As expected, most of the signals are from the major histocompatibility complex (MHC) region: 32/55 (SMR) and 51/89 (mapping) genes within eGene (Table S2 and Fig. 1a), and 41/78 and 74/133 (mapping) genes within eJunction (Tables S2–S5). The MHC is located in chromosome 6p21 and contains crucial regulators of the immune response. The MHC is the most gene dense and most polymorphic region of the human genome [27]. Complement component 4 (C4) structural variation was recently demonstrated to be related to the expression of C4A and C4B in postmortem brain [28]. In the current study, while C4A was detected in three brain regions in gene level by both SMR and fine mapping, C4A was also determined across ten brain regions in junction level by the two methods (Figs. 1b, c and S3 and Tables S4 and S5).

Determination of splicing junctions

Alternative pre-mRNA splicing is a regulated process that results in a single gene coding for multiple proteins by including or excluding particular exons of a gene. This generates spliced mRNAs that direct the synthesis of a diverse set of proteins with varied biological functions. To illuminate our understanding of SCZ risk in splicing junction level, we systematically evaluated the exon–exon junctions in the human brain. We found eight splicing junctions located within four genes: Exon_2.3.1 and Exon_2.3.2 in ARL6IP4; Exon_1.4, Exon_2.4, and Exon_3.4 in APOPT1; Exon_3.4 and Exon_2.4 in CYP2D6 (Fig. 2 and Table 1), including Exon 8.10 in SNX19 as previously reported [10]. These junctions tag potential transcripts with alternative exonic boundaries (ARL6IP4 Exon_2.3.1 and Exon_2.3.2) or exon skipping (CYP2D6 Exon_3.4, SNX19 Exon_8.10, and APOPT1 Exon_1.4 and Exon_2.4) (Fig. 2). In prior work, we have systematically characterized splice junctions between exon 8 and exon 10 in SNX19 [10].

Fig. 2: Splicing junctions on gene structures.
figure 2

Red bar at chromosomes indicates the gene physical position on the chromosome. Green boxes represent exons; blue boxes represent untranslated regions; solid yellow lines indicate introns; yellow arrows on yellow lines indicate gene transcriptional directions. Red arrows indicate identified junctions: Exon_2.3.1 (chr12:123465814–123466117) and Exon_2.3.2 (chr12:123465847–123466117) in ARL6IP4; Exon_1.4 (chr14:104029462–104053610), Exon_2.4 (chr14:104038158–104053610), and Exon_3.4 (chr14:104040508–104053610) in APOPT1; and Exon_3.4 (chr22:42524947–42525034) and Exon_2.4 (chr22:42522995–42523448) in CYP2D6. The association of SNX19 splicing junction Exon_8.10 has been previously characterized in our prior work [10]. Relative position of CYP2D6 SNPs and histone marker are indicated.

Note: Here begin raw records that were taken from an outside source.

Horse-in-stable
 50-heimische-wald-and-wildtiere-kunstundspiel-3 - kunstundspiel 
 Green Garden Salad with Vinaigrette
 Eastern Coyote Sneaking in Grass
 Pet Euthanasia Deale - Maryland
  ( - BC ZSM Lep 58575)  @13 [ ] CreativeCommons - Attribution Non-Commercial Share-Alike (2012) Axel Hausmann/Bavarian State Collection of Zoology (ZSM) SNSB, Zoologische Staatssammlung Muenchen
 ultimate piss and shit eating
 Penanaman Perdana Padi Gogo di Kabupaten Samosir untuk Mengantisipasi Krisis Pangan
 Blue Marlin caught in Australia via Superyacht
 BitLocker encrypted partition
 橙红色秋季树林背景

Effects of schizophrenia genetic risk on junctions

To determine how SCZ GWAS relates to feature expression, we next analyzed the trends of the associations. While SCZ risk allele is associated with down regulation of APOPT1 junction Exon_3.4, all other risk alleles are associated with up regulation of junctions (Fig. S6). Interestingly, SCZ risk allele is associate with up regulation of APOPT1 junction Exon_2.4 (Fig. 3). Opposing effects of SCZ risk allele on APOPT1 Exon_3.4 and the other two junctions indicate their diverse functions. These robust effects are reproduced in the DLPFC and many other brain regions (Table 1). Based on the genomic recombination rate, the GWAS-eQTL loci are in a linkage block where recombination is not estimated to occur. In addition, a cluster of SNPs is in high LD with top SCZ GWAS-eQTL SNPs: ARL6IP4 rs1790121, APOPT1 rs10431750, and CYP2D6 rs133377 (Fig. S7).

Fig. 3: Identification of functional variants of CYP2D6.
figure 3

a Association of SNP-junction pairs (eJunction) of CYP2D6. Association of junctions Exon_2.4 (b) and Exon_3.4 (c) with SNPs upstream and downstream of rs133377. r2 was estimated using DLPFC samples. See association results from other 12 brain regions in Supplementary Figs. S10S12. d Schizophrenia splicing SNPs are located within active transcription start sites. Upper section: ENCODE chromatin activation states in human brain from cortex-derived primary cultured neurospheres (1), angular gyrus (2, 3), anterior caudate (4, 5), cingulate gyrus (6, 7), germinal matrix (8), hippocampus middle (9, 10), inferior temporal lobe (11, 12), dorsolateral prefrontal cortex (13, 14), substantia nigra (15, 16), fetal brain male (17, 18), fetal brain female (19, 20), NH-A astrocytes primary cells (21, 22). See details in Supplementary Table S7. Middle section: ChIP-seq of H3K27ac, H3K4me3, and H3K9ac. Lower section: reference genes. Yellow bars represent coordinates of rs133375, rs133377, and rs4822088.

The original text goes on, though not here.